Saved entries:
_ _ _ _ _ _ _

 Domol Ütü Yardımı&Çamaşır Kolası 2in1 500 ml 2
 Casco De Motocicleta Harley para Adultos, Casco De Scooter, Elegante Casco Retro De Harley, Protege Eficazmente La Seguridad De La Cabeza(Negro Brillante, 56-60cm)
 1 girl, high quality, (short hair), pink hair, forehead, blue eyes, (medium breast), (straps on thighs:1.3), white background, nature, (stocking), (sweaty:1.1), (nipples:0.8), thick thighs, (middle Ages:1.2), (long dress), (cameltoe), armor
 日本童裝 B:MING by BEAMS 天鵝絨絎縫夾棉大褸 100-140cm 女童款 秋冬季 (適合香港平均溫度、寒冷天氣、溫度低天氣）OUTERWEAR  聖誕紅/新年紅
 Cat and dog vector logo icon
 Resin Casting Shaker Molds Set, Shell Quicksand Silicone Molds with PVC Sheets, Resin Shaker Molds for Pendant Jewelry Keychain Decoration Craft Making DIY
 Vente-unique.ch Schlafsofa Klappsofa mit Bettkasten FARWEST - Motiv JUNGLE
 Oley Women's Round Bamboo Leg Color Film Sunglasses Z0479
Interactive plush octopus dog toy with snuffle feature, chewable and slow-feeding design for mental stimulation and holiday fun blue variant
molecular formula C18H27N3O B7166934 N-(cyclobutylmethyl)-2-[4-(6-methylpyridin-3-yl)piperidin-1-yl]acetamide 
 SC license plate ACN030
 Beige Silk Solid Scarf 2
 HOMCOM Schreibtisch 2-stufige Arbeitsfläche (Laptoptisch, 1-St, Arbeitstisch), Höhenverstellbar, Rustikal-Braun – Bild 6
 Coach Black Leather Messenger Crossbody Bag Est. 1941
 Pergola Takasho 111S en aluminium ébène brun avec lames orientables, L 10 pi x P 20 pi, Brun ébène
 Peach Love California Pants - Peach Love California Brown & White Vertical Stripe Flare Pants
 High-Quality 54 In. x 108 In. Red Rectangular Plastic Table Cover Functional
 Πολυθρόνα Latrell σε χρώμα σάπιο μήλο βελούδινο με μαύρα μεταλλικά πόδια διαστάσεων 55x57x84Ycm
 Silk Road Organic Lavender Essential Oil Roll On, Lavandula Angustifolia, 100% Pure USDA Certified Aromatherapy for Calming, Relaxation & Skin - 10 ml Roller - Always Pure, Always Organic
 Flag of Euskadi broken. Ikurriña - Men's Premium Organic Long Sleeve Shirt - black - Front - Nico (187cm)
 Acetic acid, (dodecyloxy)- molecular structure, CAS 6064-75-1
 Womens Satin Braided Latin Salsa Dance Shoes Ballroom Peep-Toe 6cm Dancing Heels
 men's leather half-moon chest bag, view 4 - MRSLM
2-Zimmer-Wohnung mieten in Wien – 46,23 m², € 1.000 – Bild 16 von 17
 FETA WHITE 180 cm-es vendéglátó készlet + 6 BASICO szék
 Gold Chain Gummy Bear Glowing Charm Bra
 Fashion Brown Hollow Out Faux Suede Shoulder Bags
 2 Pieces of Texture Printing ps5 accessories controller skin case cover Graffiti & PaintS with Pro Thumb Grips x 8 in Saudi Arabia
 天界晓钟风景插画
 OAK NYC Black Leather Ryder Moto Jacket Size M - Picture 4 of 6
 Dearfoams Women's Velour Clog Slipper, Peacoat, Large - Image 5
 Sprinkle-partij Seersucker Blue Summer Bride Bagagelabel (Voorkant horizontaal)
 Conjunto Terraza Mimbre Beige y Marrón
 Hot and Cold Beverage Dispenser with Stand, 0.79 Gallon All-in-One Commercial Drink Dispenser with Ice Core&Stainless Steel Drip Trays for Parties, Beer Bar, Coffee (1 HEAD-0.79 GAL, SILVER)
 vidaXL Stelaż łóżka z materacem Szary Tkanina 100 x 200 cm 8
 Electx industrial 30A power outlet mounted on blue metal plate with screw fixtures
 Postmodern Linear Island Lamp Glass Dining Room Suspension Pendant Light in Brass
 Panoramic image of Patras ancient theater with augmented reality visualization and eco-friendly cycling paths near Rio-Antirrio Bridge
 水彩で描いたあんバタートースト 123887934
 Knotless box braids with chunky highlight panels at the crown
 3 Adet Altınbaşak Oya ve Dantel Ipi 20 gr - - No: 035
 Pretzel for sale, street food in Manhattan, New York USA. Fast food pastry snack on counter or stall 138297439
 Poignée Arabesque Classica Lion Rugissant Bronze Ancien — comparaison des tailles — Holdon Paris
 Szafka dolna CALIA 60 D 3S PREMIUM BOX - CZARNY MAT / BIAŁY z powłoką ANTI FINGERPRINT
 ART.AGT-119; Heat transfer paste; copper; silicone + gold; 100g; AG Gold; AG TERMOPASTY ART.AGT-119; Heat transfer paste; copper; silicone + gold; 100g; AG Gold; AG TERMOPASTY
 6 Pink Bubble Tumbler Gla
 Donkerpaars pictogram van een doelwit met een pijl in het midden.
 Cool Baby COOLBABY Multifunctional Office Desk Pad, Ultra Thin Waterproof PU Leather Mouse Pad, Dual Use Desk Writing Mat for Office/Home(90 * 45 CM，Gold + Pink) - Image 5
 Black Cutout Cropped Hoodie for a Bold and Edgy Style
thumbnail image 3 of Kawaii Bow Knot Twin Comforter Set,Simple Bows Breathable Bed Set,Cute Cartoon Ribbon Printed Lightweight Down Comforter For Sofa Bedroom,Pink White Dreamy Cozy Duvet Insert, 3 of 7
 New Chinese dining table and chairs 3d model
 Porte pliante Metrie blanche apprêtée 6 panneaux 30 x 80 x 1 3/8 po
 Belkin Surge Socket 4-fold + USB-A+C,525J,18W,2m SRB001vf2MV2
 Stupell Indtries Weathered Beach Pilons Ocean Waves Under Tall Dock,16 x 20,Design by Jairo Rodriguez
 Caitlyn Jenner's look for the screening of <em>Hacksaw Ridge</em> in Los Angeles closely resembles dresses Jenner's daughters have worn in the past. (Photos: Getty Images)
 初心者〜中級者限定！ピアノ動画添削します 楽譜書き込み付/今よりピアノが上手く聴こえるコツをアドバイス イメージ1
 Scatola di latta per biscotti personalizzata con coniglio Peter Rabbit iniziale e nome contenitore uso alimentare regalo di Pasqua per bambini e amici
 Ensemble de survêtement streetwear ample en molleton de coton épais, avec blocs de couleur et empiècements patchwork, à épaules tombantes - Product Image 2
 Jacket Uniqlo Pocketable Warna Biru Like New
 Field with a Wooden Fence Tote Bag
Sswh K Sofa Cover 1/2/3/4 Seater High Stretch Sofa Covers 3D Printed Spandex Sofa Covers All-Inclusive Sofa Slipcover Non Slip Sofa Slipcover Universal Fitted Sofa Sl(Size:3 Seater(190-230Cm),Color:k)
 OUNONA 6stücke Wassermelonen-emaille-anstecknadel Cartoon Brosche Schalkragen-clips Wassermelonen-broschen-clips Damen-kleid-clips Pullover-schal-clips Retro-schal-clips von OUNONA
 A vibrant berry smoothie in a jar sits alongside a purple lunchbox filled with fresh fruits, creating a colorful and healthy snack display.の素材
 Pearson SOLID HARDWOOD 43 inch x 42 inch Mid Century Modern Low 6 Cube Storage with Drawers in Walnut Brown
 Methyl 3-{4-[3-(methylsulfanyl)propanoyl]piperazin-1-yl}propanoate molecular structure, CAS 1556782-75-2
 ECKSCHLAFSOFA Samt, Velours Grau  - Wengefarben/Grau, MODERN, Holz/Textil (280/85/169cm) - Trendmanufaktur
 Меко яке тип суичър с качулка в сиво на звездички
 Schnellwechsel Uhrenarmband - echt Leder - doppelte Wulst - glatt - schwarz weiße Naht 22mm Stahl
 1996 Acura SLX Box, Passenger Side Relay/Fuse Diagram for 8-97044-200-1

_ _ _ _ _ _ _

## ACTIVITY
Can you write out the lines above, from the first one through the one containing "Casco De Motocicleta", exactly as they appear and nothing more?

## WRITTEN SOLUTION
 Domol Ütü Yardımı&Çamaşır Kolası 2in1 500 ml 2
 Casco De Motocicleta Harley para Adultos, Casco De Scooter, Elegante Casco Retro De Harley, Protege Eficazmente La Seguridad De La Cabeza(Negro Brillante, 56-60cm)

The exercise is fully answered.